Principes premiers et contexte
Si nous en croyons Helga M. Novak, il y aurait un âge pour chaque chose.
Et à la fin de son livre d’avouer — via Silvatica — qu’elle est trop vieille pour l’amour et que, retirée dans sa maison de la forêt recouverte de neige, elle attend sa fin. La sienne et peut-être de l’espèce humaine.
“Quoi que je partage avec toi / je laisse le cœur à gauche / je tombe sur un os / tu ne peux pas viser ailleurs ?”, écrit-elle dans sa langue nue qui évoque les amours entre le braconnier Eustachos et une figure féminine, tour à tour compagne et proie du chasseur, dans une indécision des rôles et des sentiments.
Dans une histoire aux confins de la Pologne, la créatrice s’approprie le mythe de la Grande Chasse sauvage, cette mythologie nordique des chasses du dieu Odin pour restituer sa fable de l’âge où se jouxtent politique, inquiétude écologique et quête intime et douloureuse.
Dans ce livre dur voire féroce, Helga M. Novak évoque une vie presque première parmi loups, sangliers, chevreuils. Eustachos s’y est réfugié comme dernière possibilité en son rapport archaïque à la nature et un combat contre la chasse d’État de la nomenklatura.
Ses hommes en uniformes, avec tronçonneuses et hélicoptères, traquent le déserteur, chassent le chasseur.
Mais Silvatica l’accompagne.
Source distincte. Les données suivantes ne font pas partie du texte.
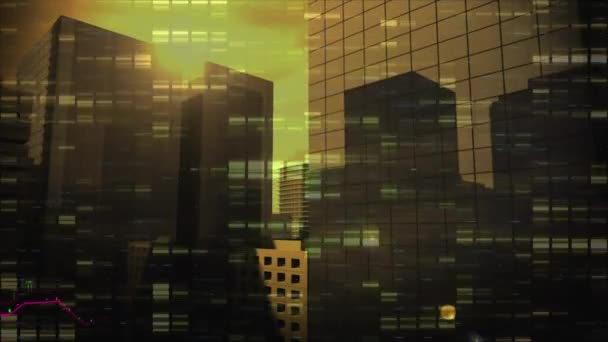 太陽と曇りの空に対する建物の空中ビュー上の複数のグラフのアニメーション デジタル複合材 複数の露出 レポート ビジネス 高層ビル テクノロジーの概念 — ストック動画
Elle est néanmoins le trophée de celui dont elle suit la trace jusqu’à l’ultime sauvagerie de l’amour — dernier acte de chasse — avant que l’amour se remise définitivement.
Autant par la disparition d’un tel amant que celle du temps d’avant pour revenir à une solitude première.
jean-paul gavard-perret
Helga M. Novak, Silvatica, traduit de l’allemand par Laurent Cassagnau, 2022, 104 p. –21,00 €.